I've yet to hear a convincing argument for the "uniqueness" of health care. There are a host of other expensive products out there in the market place essential to our survival.. shelter, transportation, food, heat, etc, which renders none of them unique. But lets say health care is unique. it wouldn't matter, why? There is no clause or amendment in the constitution I'm aware of which delegates more powers to the federal government for "unique" commerce. Those powers not delegated to.... you know the rest.
It is disingenuous for the left to lump all the uninsured together and propagate they are all freeloaders when in reality 25%- 30% of the uninsured pay out of pocket and in full (The Urban Institute). According to the Kaiser Commission (link below) the uninsured cost the system a mere 2.8% (The Urban Institute concluded 2.6%). Here's the kicker, included in that 2.8% premium are those uninsured already on the government dole, all of whom will still get "free" health care regardless of the mandate. What does this tell us? The actual cost to the system from the uninsured who don't pay out of pocket (remember up to 30% do) and those whose health care is not already paid for by government, is FAR less than 2.8%. Allow me to bring up another point it seems the left conveniently forgets. About those hospitals who voluntarily participate in treating the uninsured (EMTALA) under Reagan). They get tens of millions in subsidies from.. you guessed it, the federal government! Even the uninsured pay some federal taxes.
http://tiny.cc/79m05
Compelling individuals to purchase an insurance policy for *any* non-volitional circumstance as a condition of U.S. citizenship is UNCONSTITUTIONAL. Period.

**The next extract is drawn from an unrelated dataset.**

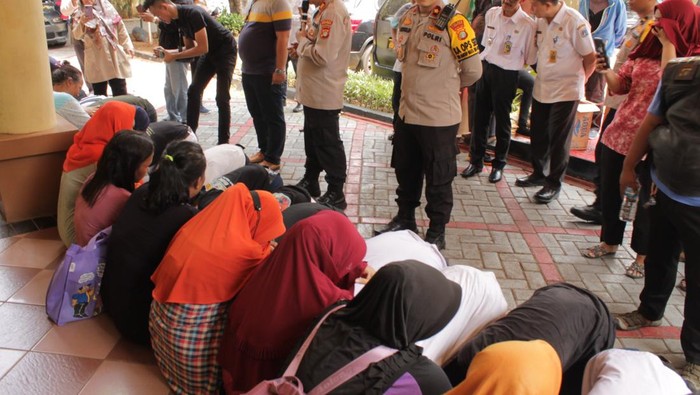Polisi mengamankan sejumlah pelajar yang terlibat tawuran di kawasan Kemayoran, Jakarta Pusat. Mereka dihukum bersujud di bawah kaki orang tua (dok. ist)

And Raich as a precedent for this question is ridiculous. What a stretch to think that the Individual Mandate decision would be affected by the decision NOT to grant special dispensation to perform an illegal activity! (The CA law allows for legal medical marijuana within very strict guidelines; "growing your own" is not part of that.)
You want to argue that the government should provide health care to those who cannot pay? Sure, I can see a moral and perhaps even a fuzzy legal argument for that. But that's not what you're asking for (essentially an extension of Medicare/Medicaid). You want us to pay PRIVATE CORPORATIONS significant PROFITS for the privilege of health care. That is definitely un-Cinstitutional. If Congress can do that, they could mandate that citizens are required to buy anything... and as for the idea that citizens can't live without health care... maybe not. But they can and do choose to live without INSURANCE. You want to give them health care, fine... but forcing them to participate in some ridiculous scheme to give profits to insurance execs is morally bankrupt.